Spelling: Good advice from an old book

This advice on learning to spell correctly comes from the 1950 edition of “The Century Collegiate Handbook,” by Garland Greever, Easley S. Jones and Agnes Law Jones — a book I bought for $2.50 at an antiques store.

Form right muscular habits in spelling: Never permit yourself knowingly to write an incorrect spelling of a word. Not only will the erroneous form impress the memory through the eye, but the manual act of arranging the letters falsely will do much to create a wrong habit.

Of course, the writers were speaking to students who were using pencil or pen to write words. Today, most of us compose our writing on a keyboard and with the help of spellcheckers. But I think the advice still applies. We can develop the muscle memory of hitting the right keys on the keyboard. The other advice I take from this passage is to develop a habit of spelling correctly. I wonder how many students are drilled on spelling these days. With the ease of texting and shortcuts such as emoticons and abbreviations, we allow ourselves to become sloppy. It’s still important in published writing to spell words correctly and consistently.

One Response to “Spelling: Good advice from an old book”

  1. Erin Brenner

    Muscle memory is incredible. Anytime watch TV while knitting, the next time I knit, I’ll remember what I saw on TV.

    Learning in second grade seems to be based on muscle memory as well. My second grader does a lot of repetitious writing in his classwork and homework to help him learn the lessons.

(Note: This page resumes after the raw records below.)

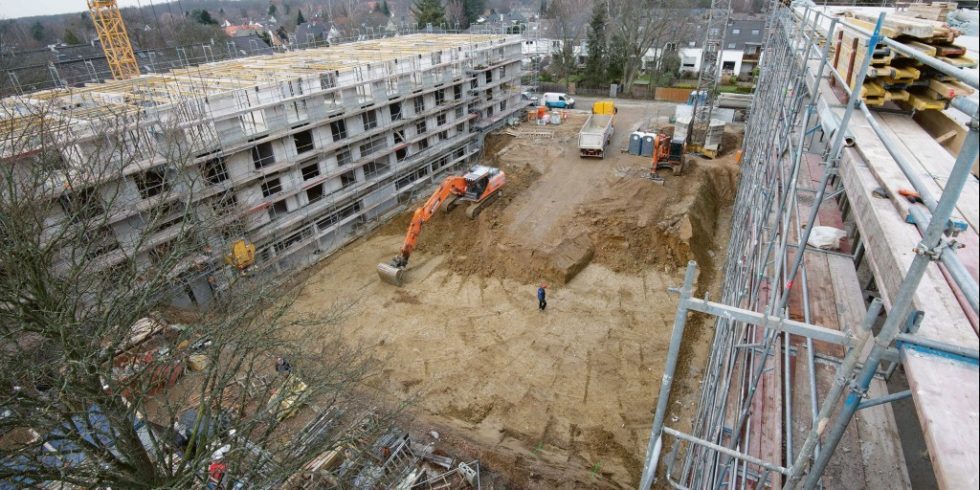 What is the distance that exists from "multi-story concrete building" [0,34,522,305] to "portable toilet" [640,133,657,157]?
31.8 feet

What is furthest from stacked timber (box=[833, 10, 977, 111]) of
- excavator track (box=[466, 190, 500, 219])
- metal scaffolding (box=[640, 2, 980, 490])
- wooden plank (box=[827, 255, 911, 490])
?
excavator track (box=[466, 190, 500, 219])

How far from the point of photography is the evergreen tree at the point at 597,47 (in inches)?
1640

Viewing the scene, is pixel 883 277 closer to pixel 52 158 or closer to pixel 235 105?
pixel 52 158

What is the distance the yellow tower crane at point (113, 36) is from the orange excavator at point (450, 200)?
2442 centimetres

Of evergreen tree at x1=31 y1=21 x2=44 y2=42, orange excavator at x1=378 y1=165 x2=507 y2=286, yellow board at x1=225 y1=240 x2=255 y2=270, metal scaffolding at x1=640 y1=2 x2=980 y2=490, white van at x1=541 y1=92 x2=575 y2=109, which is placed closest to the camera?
metal scaffolding at x1=640 y1=2 x2=980 y2=490

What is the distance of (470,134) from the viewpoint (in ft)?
93.6

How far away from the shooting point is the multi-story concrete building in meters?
14.2

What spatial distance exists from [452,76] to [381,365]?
56.6 ft

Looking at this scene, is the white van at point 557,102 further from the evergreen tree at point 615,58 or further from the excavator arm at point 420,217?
the excavator arm at point 420,217

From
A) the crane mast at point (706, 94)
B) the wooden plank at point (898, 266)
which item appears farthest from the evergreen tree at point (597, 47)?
the wooden plank at point (898, 266)

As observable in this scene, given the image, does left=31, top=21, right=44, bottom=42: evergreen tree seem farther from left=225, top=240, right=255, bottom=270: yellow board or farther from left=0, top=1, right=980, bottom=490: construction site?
left=225, top=240, right=255, bottom=270: yellow board

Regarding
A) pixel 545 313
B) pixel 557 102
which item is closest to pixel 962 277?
pixel 545 313

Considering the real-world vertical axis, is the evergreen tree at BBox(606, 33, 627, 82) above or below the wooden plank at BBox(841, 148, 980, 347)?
below

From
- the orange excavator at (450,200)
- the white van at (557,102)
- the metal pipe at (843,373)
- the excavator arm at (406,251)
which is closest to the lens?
the metal pipe at (843,373) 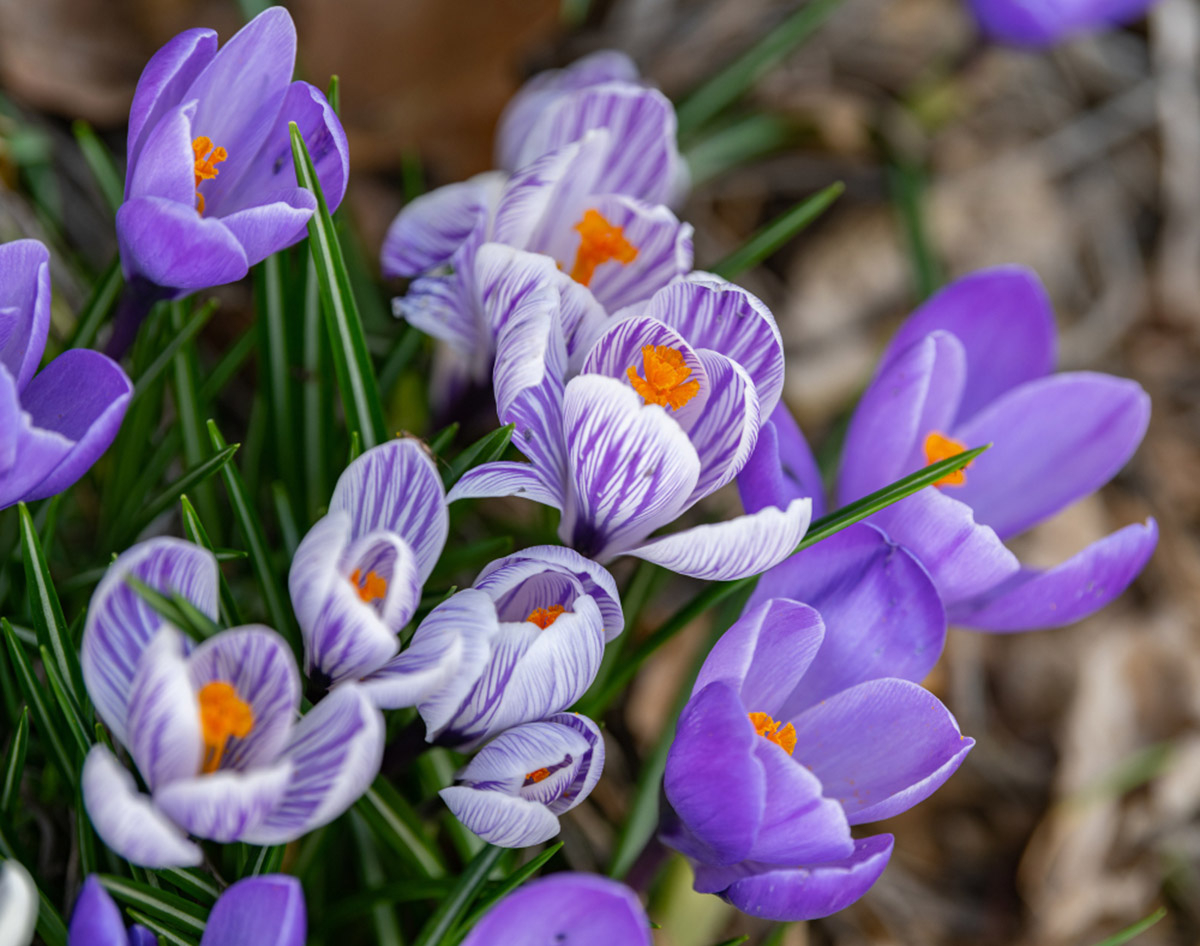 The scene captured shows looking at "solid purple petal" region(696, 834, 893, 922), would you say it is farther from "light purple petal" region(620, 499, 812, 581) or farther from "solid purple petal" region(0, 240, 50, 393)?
"solid purple petal" region(0, 240, 50, 393)

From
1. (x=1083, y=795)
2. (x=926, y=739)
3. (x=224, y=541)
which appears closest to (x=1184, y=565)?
(x=1083, y=795)

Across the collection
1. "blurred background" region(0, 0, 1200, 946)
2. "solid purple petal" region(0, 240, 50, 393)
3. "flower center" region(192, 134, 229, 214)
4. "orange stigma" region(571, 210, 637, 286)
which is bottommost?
"blurred background" region(0, 0, 1200, 946)

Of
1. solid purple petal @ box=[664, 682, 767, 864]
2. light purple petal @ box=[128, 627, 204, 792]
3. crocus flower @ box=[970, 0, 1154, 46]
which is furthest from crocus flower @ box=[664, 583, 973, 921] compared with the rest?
crocus flower @ box=[970, 0, 1154, 46]

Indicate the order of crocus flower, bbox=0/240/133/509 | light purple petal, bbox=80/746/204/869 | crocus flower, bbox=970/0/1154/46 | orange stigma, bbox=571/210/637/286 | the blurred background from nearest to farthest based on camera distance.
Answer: light purple petal, bbox=80/746/204/869 < crocus flower, bbox=0/240/133/509 < orange stigma, bbox=571/210/637/286 < the blurred background < crocus flower, bbox=970/0/1154/46

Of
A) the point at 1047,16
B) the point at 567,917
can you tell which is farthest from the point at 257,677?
the point at 1047,16

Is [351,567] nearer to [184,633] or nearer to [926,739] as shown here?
[184,633]

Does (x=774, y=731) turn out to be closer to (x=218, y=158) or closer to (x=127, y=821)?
(x=127, y=821) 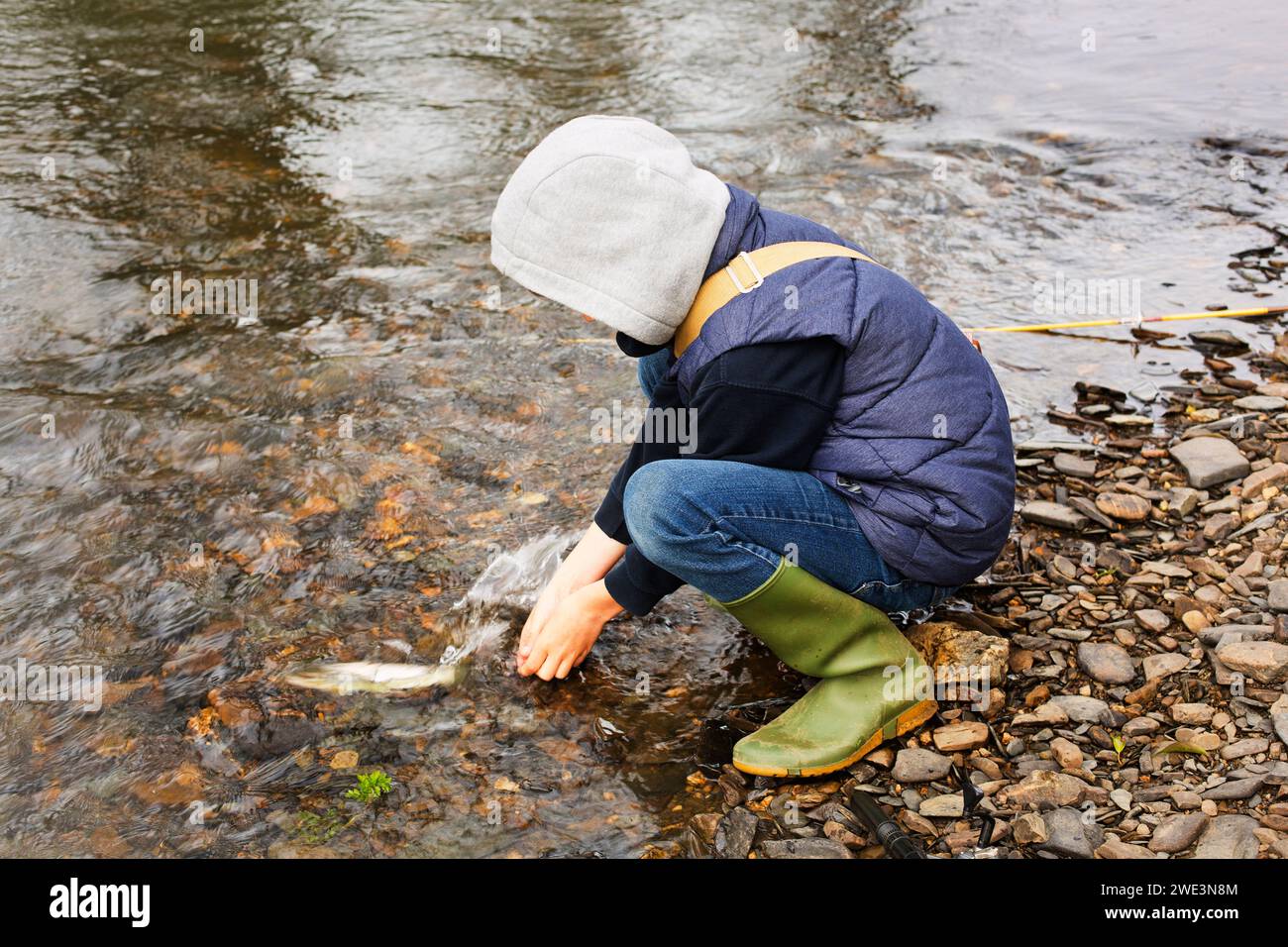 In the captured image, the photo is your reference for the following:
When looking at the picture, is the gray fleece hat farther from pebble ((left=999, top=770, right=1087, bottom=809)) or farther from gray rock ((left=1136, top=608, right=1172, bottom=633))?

For example, spelling words are written out three times for homework on Mondays. It does make me wonder, though, about the value in taking a spelling pretest. The pretest is given on Monday, before the students study the words. If the students don’t know how to spell the words for the pretest, aren’t they embedding the incorrect spelling into their muscle memory? The pretests aren’t graded, but I’m not sure it’s helping them learn the correct spelling of the words.